Report every line of the data that includes "with".
┌─ Data excerpts
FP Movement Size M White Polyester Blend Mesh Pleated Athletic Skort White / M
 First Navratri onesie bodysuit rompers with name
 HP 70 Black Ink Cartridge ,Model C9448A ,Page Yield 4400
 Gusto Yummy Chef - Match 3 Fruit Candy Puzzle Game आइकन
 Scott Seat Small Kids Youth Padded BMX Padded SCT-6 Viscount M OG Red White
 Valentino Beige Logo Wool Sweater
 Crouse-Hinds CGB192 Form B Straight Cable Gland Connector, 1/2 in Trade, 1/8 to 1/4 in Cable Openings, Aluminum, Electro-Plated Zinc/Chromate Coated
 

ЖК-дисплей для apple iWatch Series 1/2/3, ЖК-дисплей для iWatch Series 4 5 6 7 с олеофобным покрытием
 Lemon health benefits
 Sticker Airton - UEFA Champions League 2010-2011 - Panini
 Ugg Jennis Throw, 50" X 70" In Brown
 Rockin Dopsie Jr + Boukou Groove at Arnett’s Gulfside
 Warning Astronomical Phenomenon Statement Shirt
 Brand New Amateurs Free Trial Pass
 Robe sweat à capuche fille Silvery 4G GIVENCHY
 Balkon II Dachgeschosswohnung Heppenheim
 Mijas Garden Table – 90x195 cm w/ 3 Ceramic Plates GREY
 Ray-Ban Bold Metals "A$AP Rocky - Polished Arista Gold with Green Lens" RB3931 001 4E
└─
> Output of the exercise
 First Navratri onesie bodysuit rompers with name
 Ray-Ban Bold Metals "A$AP Rocky - Polished Arista Gold with Green Lens" RB3931 001 4E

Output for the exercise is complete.